You won't find bacon or pork chops at the new butcher shop, but adventurous, health-minded cooks may be inspired by new options for the carnivorous — various cuts of goat, a whole lamb or goat for barbecuing, and a wide selection of halal meats.
Halal is an Arabic word meaning lawful or permitted, and in the meat department, it shares some characteristics with kosher food.
Chestnut-Encinal's meat comes from farm-raised animals and has no contact with pork, said market owner Mansoor Rahmani. That appeals to customers familiar with kosher meats.
“We have a lot of Jewish customers coming in,” said Juan Ochoa, the new butcher.
Other customers are looking for something a little more exotic.
“When we opened, goat was the first meat to run out,” Ocho said. “Many customers haven’t seen it before.”

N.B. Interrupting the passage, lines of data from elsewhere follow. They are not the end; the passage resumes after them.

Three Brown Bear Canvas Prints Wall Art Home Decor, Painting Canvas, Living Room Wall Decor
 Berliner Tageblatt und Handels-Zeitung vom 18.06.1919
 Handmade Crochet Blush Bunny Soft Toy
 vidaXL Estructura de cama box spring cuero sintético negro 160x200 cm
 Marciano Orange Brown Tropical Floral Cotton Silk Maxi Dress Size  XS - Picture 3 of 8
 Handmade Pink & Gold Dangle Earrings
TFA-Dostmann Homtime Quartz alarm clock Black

Shoppers may also place orders for a whole lamb or goat. Ochoa said he can have orders ready for roasting or barbecuing within two days, if the supply is available.
Rahmani, who bought the store two years ago, said he was looking for a niche market.
"A lot of our clientele are looking for healthy meat," he said.
Rahmani caters to them with free-range chicken and as much hormone-free, grass-fed, locally sourced meat as possible. The butcher grinds his own meat twice a day, morning and evening, ensuring that it's fresh.
“Our mission is freshness and quality,” said Ochoa.
Along with the unusual, the butcher counter carries more familiar items: beef steaks and extra-lean ground beef, lamb shanks, rack of lamb, ground veal. They'll try to supply what the customer wants.
“They should ask me if they don’t see anything,” said Ochoa.
Customers get an added perk. If the thought of cooking goat shanks fills you with trepidation, store manager Jason Kibler, a graduate of culinary school, is happy to offer tips on how best to cook goat or any of the other meats on offer.